Salary Sacrifice Take-Home Pay: What Actually Changes?
Published by the UK Money Calculators editorial team. Last updated for the 2026/27 tax year.
Salary sacrifice reduces your take-home pay — but by less than the amount you sacrifice. You save income tax and NI on the sacrificed sum. This page shows exactly what happens at £25,000, £35,000 and £50,000 salaries with a 5% pension sacrifice, so you can see the real numbers before committing.
The key insight: sacrifice vs take-home reduction
Sacrifice £1,000 of gross salary and your take-home does not fall by £1,000. It falls by £1,000 minus the income tax and NI you would have paid on that £1,000. For a basic-rate taxpayer, the saving is 20% + 8% = 28%. A £1,000 sacrifice reduces take-home by only £720. You put £1,000 in the pension. You lose £720 from your pocket.
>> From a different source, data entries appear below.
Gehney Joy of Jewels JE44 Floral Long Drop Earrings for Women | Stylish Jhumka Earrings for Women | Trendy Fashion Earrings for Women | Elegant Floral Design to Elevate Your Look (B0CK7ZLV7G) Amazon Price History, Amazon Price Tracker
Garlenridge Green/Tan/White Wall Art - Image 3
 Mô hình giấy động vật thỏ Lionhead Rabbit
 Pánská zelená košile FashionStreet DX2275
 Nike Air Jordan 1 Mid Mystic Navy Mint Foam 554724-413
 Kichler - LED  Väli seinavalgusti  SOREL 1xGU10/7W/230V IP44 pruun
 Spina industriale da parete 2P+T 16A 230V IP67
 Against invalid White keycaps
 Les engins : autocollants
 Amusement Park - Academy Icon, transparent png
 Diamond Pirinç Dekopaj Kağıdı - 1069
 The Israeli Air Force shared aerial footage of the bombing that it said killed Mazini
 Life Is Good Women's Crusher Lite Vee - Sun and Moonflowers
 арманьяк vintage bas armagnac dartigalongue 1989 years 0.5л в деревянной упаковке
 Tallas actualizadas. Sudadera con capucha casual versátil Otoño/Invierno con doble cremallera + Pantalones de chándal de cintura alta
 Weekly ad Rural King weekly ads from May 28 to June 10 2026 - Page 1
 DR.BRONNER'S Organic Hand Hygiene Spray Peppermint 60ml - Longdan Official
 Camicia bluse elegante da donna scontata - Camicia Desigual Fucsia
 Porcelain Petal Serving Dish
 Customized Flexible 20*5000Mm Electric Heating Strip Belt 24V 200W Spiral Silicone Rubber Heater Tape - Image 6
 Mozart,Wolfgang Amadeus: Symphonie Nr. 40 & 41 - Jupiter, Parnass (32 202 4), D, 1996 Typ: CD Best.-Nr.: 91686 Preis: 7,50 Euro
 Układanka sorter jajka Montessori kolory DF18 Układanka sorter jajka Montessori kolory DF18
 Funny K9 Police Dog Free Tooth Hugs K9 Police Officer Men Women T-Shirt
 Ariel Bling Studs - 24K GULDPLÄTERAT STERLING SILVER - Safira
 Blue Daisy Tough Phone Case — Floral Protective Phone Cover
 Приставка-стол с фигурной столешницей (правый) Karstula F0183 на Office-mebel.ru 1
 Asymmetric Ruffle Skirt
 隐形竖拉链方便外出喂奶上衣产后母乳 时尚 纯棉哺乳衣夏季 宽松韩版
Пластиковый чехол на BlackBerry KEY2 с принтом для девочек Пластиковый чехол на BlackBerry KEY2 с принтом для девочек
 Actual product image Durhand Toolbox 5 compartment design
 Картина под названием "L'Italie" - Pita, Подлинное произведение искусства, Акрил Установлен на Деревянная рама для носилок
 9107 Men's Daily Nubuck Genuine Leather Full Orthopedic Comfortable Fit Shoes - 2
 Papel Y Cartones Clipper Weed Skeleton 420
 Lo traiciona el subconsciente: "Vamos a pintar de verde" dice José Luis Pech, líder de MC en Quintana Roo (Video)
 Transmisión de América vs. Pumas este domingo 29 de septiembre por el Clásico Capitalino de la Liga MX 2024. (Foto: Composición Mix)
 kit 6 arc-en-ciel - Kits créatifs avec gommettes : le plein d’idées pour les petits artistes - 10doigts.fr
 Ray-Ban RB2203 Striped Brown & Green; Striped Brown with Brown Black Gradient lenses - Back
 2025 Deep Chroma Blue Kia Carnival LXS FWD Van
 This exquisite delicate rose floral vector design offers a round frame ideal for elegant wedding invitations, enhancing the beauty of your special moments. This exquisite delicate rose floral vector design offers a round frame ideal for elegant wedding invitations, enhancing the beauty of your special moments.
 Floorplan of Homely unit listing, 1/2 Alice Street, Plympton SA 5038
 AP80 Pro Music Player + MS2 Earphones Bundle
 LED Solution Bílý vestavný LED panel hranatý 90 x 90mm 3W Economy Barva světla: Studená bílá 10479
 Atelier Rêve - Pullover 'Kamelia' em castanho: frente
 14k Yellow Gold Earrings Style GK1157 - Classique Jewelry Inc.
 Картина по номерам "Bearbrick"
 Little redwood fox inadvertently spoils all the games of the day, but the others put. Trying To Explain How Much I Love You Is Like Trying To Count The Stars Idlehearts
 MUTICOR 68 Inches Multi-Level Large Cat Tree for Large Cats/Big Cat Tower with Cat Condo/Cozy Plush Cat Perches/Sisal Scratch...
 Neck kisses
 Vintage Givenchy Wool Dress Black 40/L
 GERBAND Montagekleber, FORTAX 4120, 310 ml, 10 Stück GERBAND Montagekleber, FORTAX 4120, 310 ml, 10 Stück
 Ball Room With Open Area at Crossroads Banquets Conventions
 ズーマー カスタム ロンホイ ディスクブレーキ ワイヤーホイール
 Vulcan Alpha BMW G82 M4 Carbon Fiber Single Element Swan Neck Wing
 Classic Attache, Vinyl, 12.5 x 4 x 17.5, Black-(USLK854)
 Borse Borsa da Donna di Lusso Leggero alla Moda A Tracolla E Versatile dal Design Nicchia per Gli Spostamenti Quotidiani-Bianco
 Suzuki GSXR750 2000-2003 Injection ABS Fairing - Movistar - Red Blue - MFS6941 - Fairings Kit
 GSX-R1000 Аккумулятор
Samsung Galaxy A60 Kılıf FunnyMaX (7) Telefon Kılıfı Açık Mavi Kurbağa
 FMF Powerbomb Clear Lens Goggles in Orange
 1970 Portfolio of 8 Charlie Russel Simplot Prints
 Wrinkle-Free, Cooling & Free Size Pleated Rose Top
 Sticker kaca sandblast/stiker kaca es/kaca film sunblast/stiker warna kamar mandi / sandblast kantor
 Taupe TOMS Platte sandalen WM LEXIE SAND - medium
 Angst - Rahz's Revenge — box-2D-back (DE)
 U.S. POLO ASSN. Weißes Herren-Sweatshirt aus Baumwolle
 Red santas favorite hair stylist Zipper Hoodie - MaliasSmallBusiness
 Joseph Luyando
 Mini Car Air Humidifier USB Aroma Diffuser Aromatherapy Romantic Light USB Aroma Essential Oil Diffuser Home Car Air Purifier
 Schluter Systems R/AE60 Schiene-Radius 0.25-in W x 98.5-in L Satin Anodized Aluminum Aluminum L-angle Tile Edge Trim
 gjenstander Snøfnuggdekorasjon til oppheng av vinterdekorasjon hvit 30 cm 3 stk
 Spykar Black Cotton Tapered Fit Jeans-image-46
For higher-rate taxpayers it is even better. At 40% + 2% = 42% saving, a £1,000 sacrifice reduces take-home by only £580. That is the core arithmetic.
£25,000 salary, 5% sacrifice (£1,250 per year)
Gross: £25,000. Annual sacrifice: £1,250 (5%). Post-sacrifice PAYE gross: £23,750.
| Item | Before sacrifice | After sacrifice |
|---|---|---|
| Gross salary | £25,000 | £23,750 |
| Income tax (20%) | £2,486 | £2,236 |
| Employee NI (8%) | £994 | £894 |
| Monthly take-home | £1,793 | £1,718 |
| Monthly take-home reduction | — | −£75/month |
A £104/month pension contribution costs only £75/month from take-home. The £29 gap is the combined income tax and NI saving.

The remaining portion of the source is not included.